Bork: I wouldn’t say that in those terms.  I was disappointed in him for awhile, because he, for awhile, didn’t mention the fact that he and Ruckelshaus agreed I should do it.  And, I remember Elliot called me us and asked me if he could use the department’s auditorium.  It seemed kind of silly because I was acting attorney general and he was out.  So, I said, “Yeah, but would you mind mentioning that you and Ruckelshaus thought I should do this?”  He said, “I will if it comes up.”  Well, it never came up.  I was a little irritated by it, but then later on he became much more helpful.  I think once his presidential ambitions were shot—

Smith: He had presidential ambitions?

Bork: Oh, God, yes.  Who doesn’t in this town?

Smith: Yeah.

Bork: He did, but I think he testified in the Senate in my confirmation hearing.  He said he had asked me to do it, to fire Cox, and stay on.

Smith: The White House at least believed, I mean, Haig said this very publicly – to back up – they believed that they had an understanding with Richardson to fire Cox.  Were there discussions about this before it transpired?

Bork: Elliot came back from the White House that night just before I went over and said the one thing he was sorry about was perhaps he hadn’t made it plain to the President that he couldn’t fire Cox.  And, indeed, he couldn’t.  He was sworn on that charter he gave Cox to fire him only for cause and there was no cause.  A little bad taste here and there, but no cause.  But Richardson seemed to recognize he’d let Nixon get caught by surprise and Haig, of course, insists that it was Richardson’s idea to give Cox an order.  And somebody asked him, “What will Cox do?”  “He’ll resign.”  Why he would resign?
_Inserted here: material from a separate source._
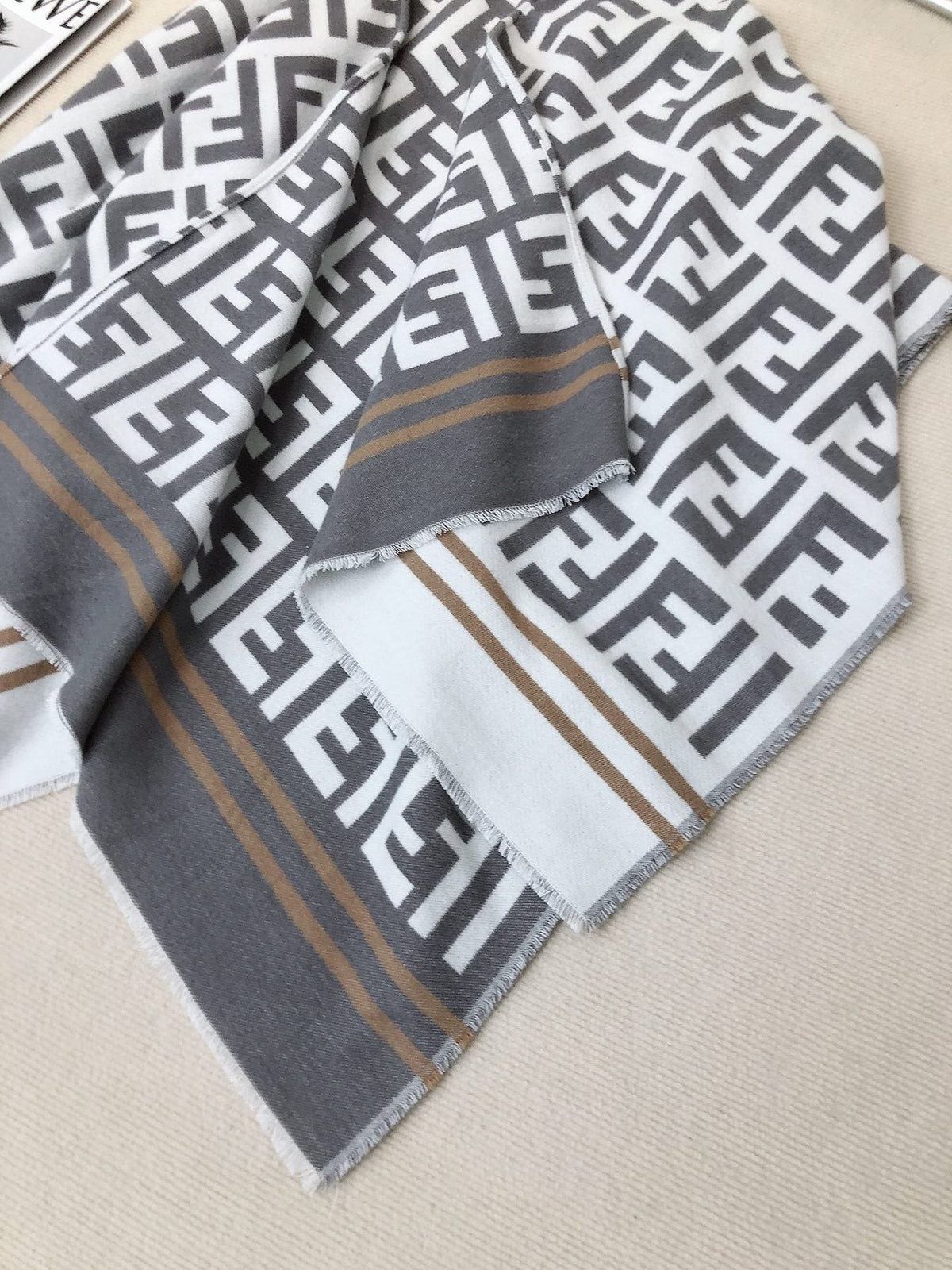 Fendi Geometric Monogram Fringe Shawl — detail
I don’t know.  I wish I’d been at that meeting as I was at the Agnew meeting because I would’ve asked that question, “What happens if Cox doesn’t resign?”  Nobody thought of that.
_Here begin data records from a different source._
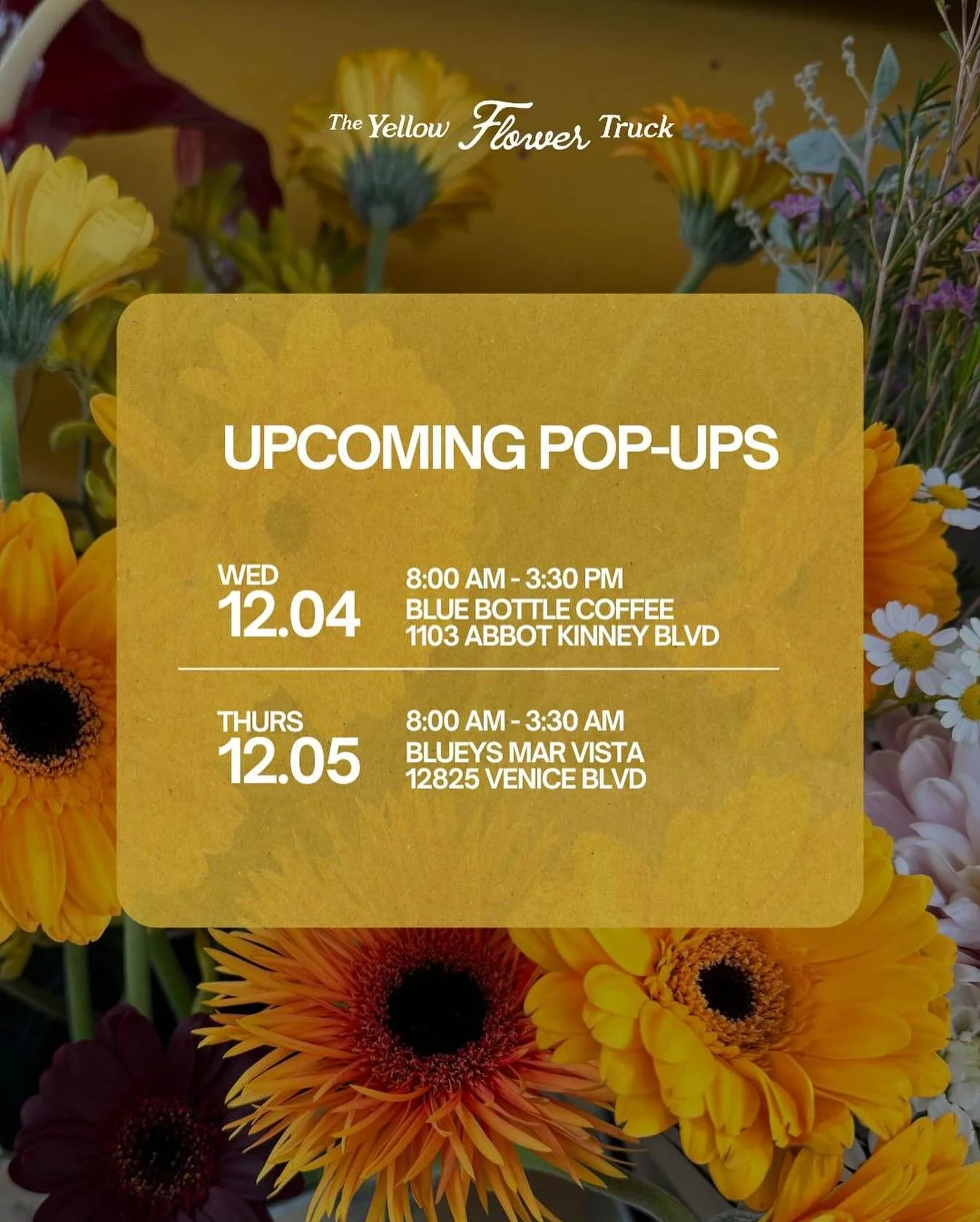 Send this to a friend you&rsquo;d sneak out of work with for a quick flower run. Hope to see you this week! 🌸
#theyellowflowertruck #flowertruck #losangelesflowertruck #laflowertruck #florist #losangelesflorist #freshflowers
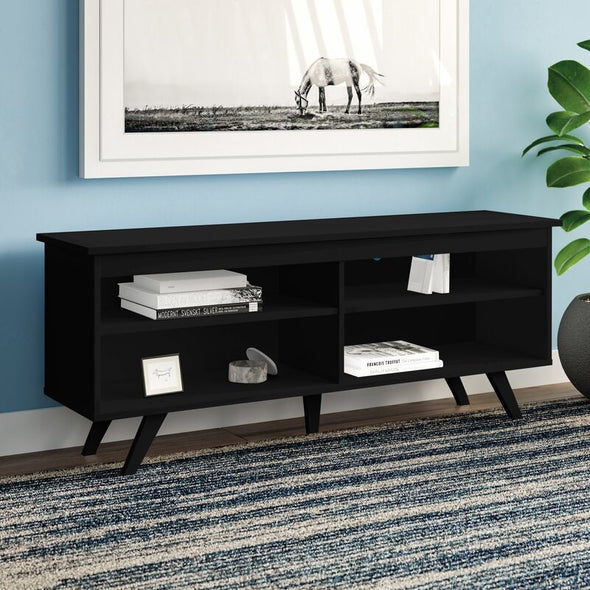 Black TV Stand for TVs up to 65" Four Open Compartments Act As Stages for DVD Players, Video Games, and More While Cable Management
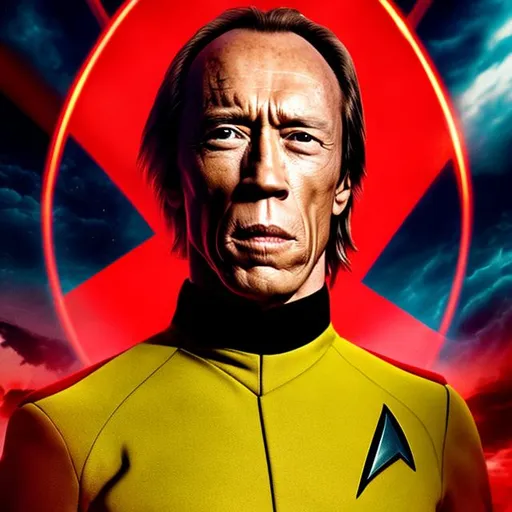 Prompt: A photographic portrait of David Carradine, wearing a Starfleet uniform, with a Star Trek background, in the style of the "Star Trek: The Wrath of Kahn."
Smith: Was the White House guilty of wishful thinking in convincing itself that Richardson would go ahead and fire Cox?

Bork: I don’t know.  Maybe so to some degree, but Haig’s version of it was that Richardson said that Cox would be fired if he didn’t do something.  But Richardson denied that.  And I don’t have any way of judging the thing except my estimate of the two men.
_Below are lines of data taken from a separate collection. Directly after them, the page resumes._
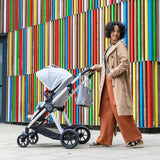 Babymore Memore V2 Travel System + Pecan Car Seat & Base - Silver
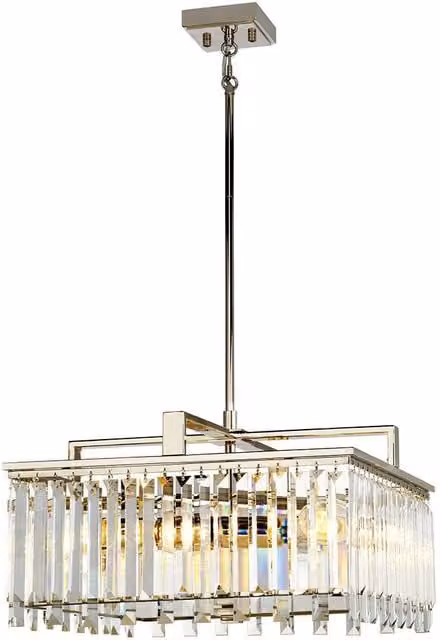 Loops 4 Bulb Chandelier with Cut Glass Crystals in Silver Polished Nickel – 1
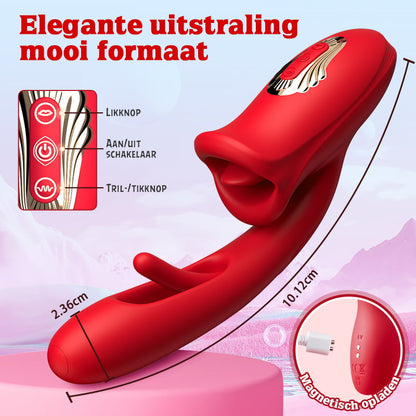 G-spot klap vibrator met tonglikfunctie & vibrerende tong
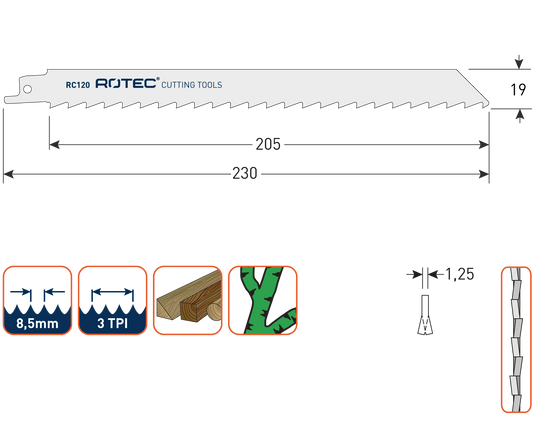 Rotec Reciprozaagblad RC120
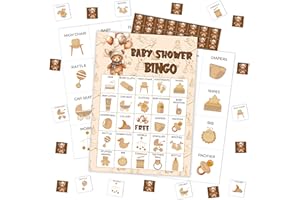 MUEDDUR Baby Shower Bingo Card, Balloon Bear Bingo Game For Adults Large Group, Gender Neutral Baby Shower Bingo Set, We Can Bearly Wait Bingo Kit For Gender Reveal Party, Holiday Games For 24 Players -10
Smith: What would that lead you to conclude?

Bork: I owe each of them something I don’t want to talk about.

Smith: Okay.  Fair enough.  Where was Ruckelshaus in all of this?

Bork: He was involved in all of the discussions, but did not take a strong position except when Haig tried to get him to fire Cox.  He said he wouldn’t do it.

Smith: Which leaves you.

Bork: Yeah, I was third in line by department of regulations, but there’s nobody after me in succession.  So, if I left, the department would’ve been headless and I think there would’ve been mass resignations, because who in the hell in the department is going to take that job after three resignations?

Smith: Right.

Bork: One of the senior section heads said, not to me, but said to somebody else that I had saved the Department of Justice that night because it would’ve flown apart.  I think what would’ve happened if I hadn’t done it would be that Nixon would have to appoint somebody from outside as acting attorney general and the most likely candidate would be Fred Buzhardt.

Smith: Really?

Bork: A knife fighter if ever there was one.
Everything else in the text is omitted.